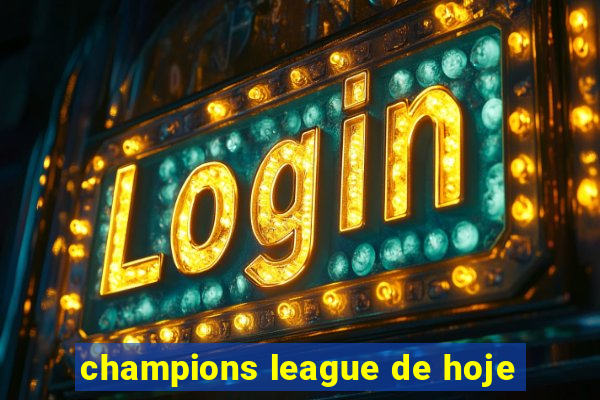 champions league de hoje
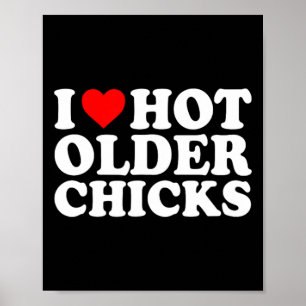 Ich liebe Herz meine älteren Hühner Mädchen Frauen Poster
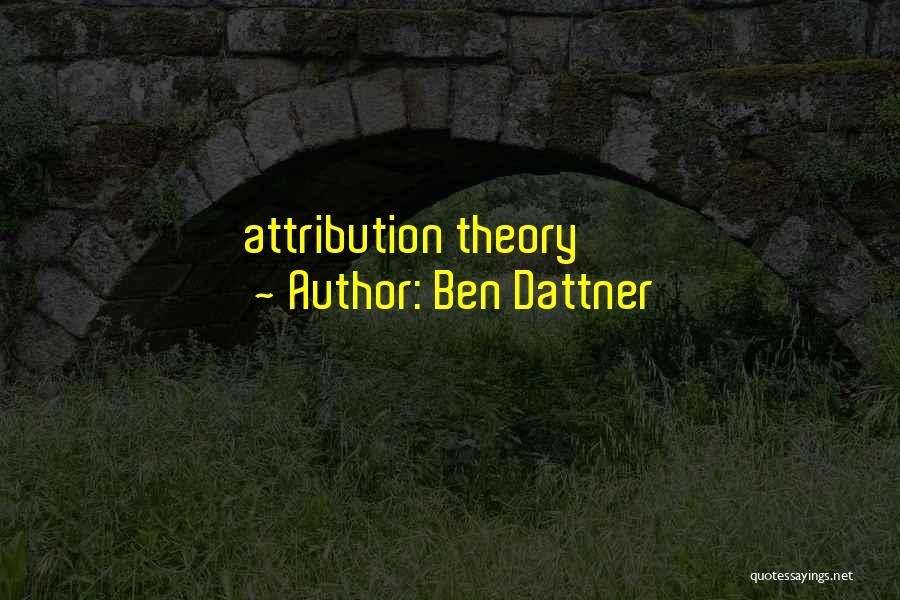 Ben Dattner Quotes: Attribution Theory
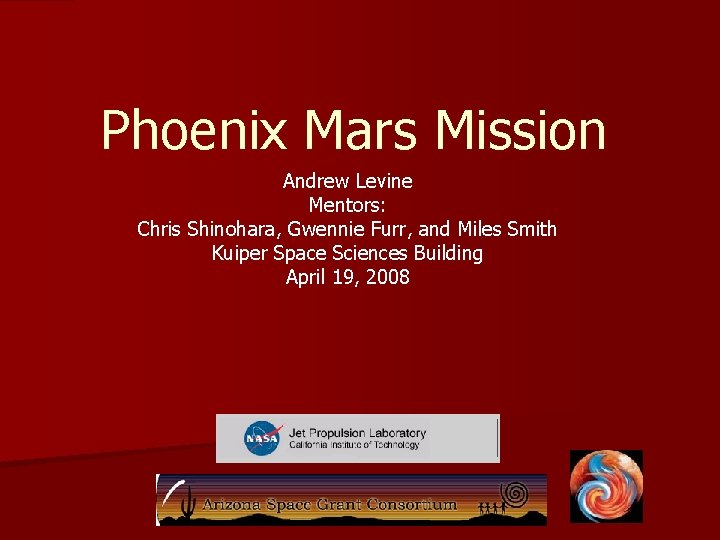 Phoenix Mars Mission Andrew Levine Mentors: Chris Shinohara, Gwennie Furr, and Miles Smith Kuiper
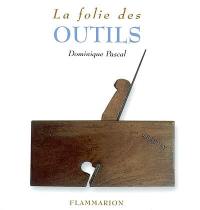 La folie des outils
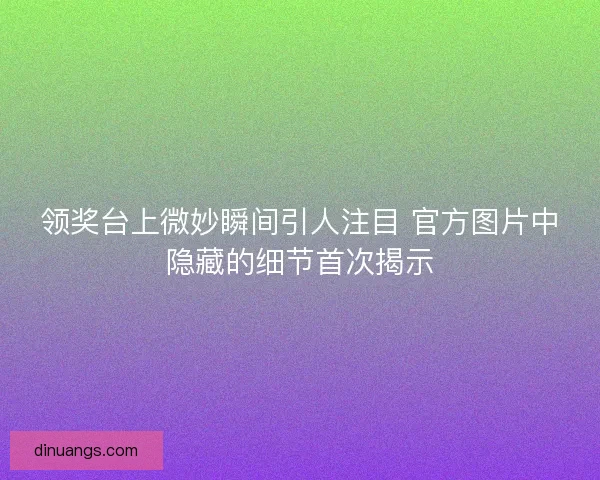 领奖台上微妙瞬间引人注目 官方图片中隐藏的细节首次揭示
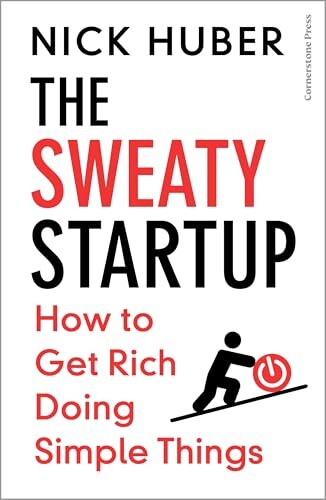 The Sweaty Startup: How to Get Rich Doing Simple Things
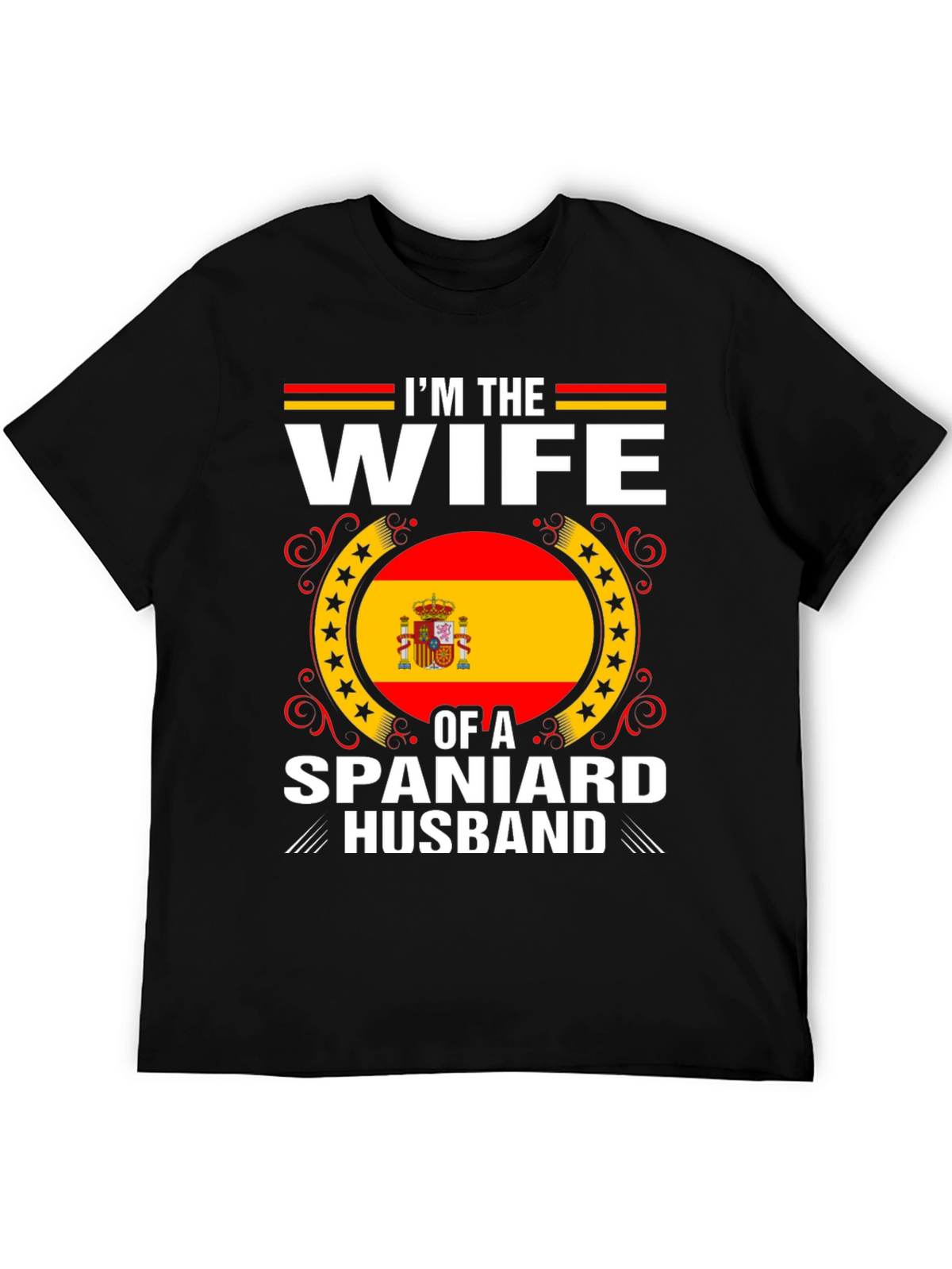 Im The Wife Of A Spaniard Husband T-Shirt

**TRY IT**
Since the pictures don't belong in the copy, copy only the rest of the entries above exactly.

**TASK SOLUTION**
 champions league de hoje
 Ich liebe Herz meine älteren Hühner Mädchen Frauen Poster
 Ben Dattner Quotes: Attribution Theory
 Phoenix Mars Mission Andrew Levine Mentors: Chris Shinohara, Gwennie Furr, and Miles Smith Kuiper
 La folie des outils
 领奖台上微妙瞬间引人注目 官方图片中隐藏的细节首次揭示
 The Sweaty Startup: How to Get Rich Doing Simple Things
 Im The Wife Of A Spaniard Husband T-Shirt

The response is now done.